The new seven-seater SUV, which is set to launch locally in August, is priced from $89,950. Around $20,000 more than the starting price of the now 12-year-old previous generation.
The new SUV will compete directly against a broad range of new product, including the upcoming Audi Q7 and Mercedes-Benz GLE (ML replacement) as well as the existing BMW X5 that offers 5+2 seating.
Volvo believes its product offering is more than good enough to take the fight to its European rivals, helped along with the combination of an all-new car as well as new engines.
“The SPA platform, new Drive-E engines, which are class leading, the level of connectivity, the level of fit and finish, the practicality of it… I think we are a genuine competitor now, being cross shopped [with the Germans] legitimately”
In its last full year of sale, the previous generation Volvo XC90 sold 725 units in Australia, down from its record high of around 2,000 units in 2007. Volvo Australia expects similarly high sales figures with the new car.

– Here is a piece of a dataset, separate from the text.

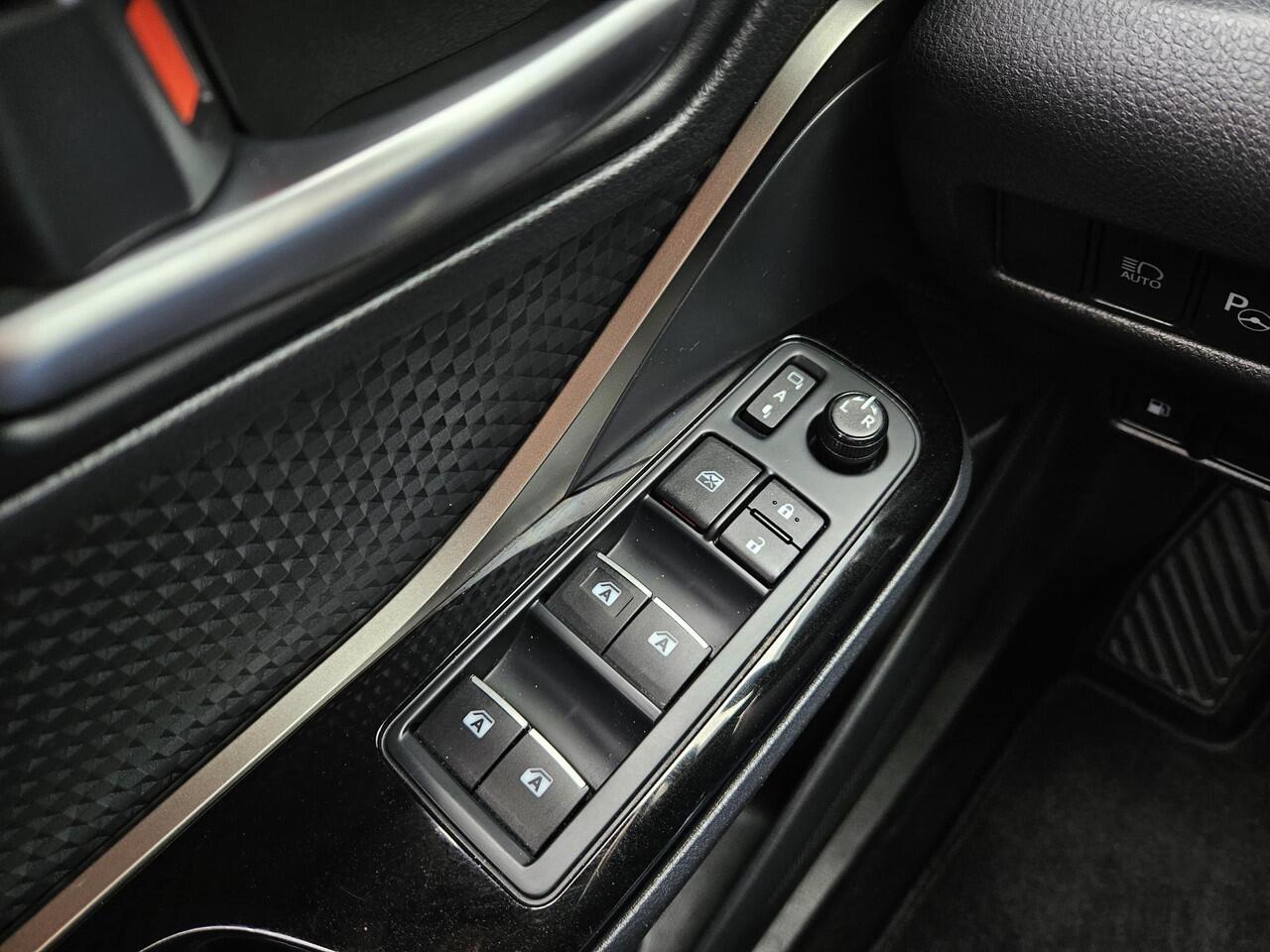 Toyota C-HR 1.8 Hybrid Style | incl Premium Pack | Stoel- en stuurverwarming | JBL Premium Audio | Adaptieve Cruise Control | Parkeersensoren rondom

“In my view that would be an aim, but anything beyond that would be fantastic as well.”
The importance of the new XC90 goes beyond just becoming the best selling Volvo, it signals the relaunch of the brand.
“It starts the ball rolling for all the new product onslaught that’s coming the next few years. So in that respect it’s very important. And that segment is still pretty strong still, people know the XC90, if you ask Joe Public in the street to name a Volvo the first model would be XC90.”
Volvo will initially offer the XC90 in D5 and T6 variants, both powered by 2.0-litre four-cylinder engines, one a turbocharged diesel and the other a turbocharged and supercharged petrol. Later in the year the Scandinavian brand will launch the hybrid T8 model.
Based on historical sales data, the diesel model should prove the most popular but considering the efficiency of the new petrol, the T6’s better dynamics and lower running costs may be enough to persuade more buyers.
“Historically the D5 has been the main seller, but with new technology comes new improvement in efficiency, there’s no reason why the T6 can’t do significant numbers”
Peagam hinted that the success of the XC90 against its German rivals would pave the way for Volvo’s upcoming models to be similarly priced and specified against their rivals.
“It comes down to looking around the core competitor sets locally and what they are doing and what our product offering is, so there’s a goal to be up there competing with the Germans, but that’s depending on how the new product comes through and what we chose to put on it locally.”